The renaming ceremony was held at the foot of the clock tower at the north end of the Palace of Westminster in London, where House of Commons Speaker John Bercow unveiled a new name plaque holding the name Elizabeth Tower, formalizing the name change.
The tower, one of the best-recognized landmarks in London, was known as Clock Tower initially, and people gradually started calling it Big Ben after the great bell it houses.
Speaking at the naming ceremony, Bercow said that it was a "special and heart-warming" occasion.

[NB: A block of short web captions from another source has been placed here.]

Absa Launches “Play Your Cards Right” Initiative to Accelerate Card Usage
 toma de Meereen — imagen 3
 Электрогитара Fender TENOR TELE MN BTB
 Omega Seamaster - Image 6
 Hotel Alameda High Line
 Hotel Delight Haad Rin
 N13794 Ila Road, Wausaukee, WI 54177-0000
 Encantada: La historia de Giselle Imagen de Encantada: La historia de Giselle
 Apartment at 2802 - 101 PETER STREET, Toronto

"Everyone here present will speedily recall that Her Majesty the Queen has visited Parliament on no fewer than three occasions in this, a very special year, and it is a mark and symbol of the enormous affection and esteem in which Her Majesty is held by people of all political persuasions," he said, according to a PA report.
The name change was announced in June after the majority of lawmakers favored a campaign launched by Tory MP Tobias Ellwood, seeking the name change as a tribute to the Queen's Diamond Jubilee year.
The 96-meter-high neo-Gothic tower, completed in 1858, houses a four-faced clock and the 13.5 ton Big Ben bell. It is a major tourist attraction in Great Britain.
Media reports had suggested that tourists and many of the English public were not very happy with the name change.
"There's not one chance in 10,000 that visitors, that people in this country will think of this tower as anything but Big Ben," Labour Party lawmaker Paul Flynn said, according to an AP report.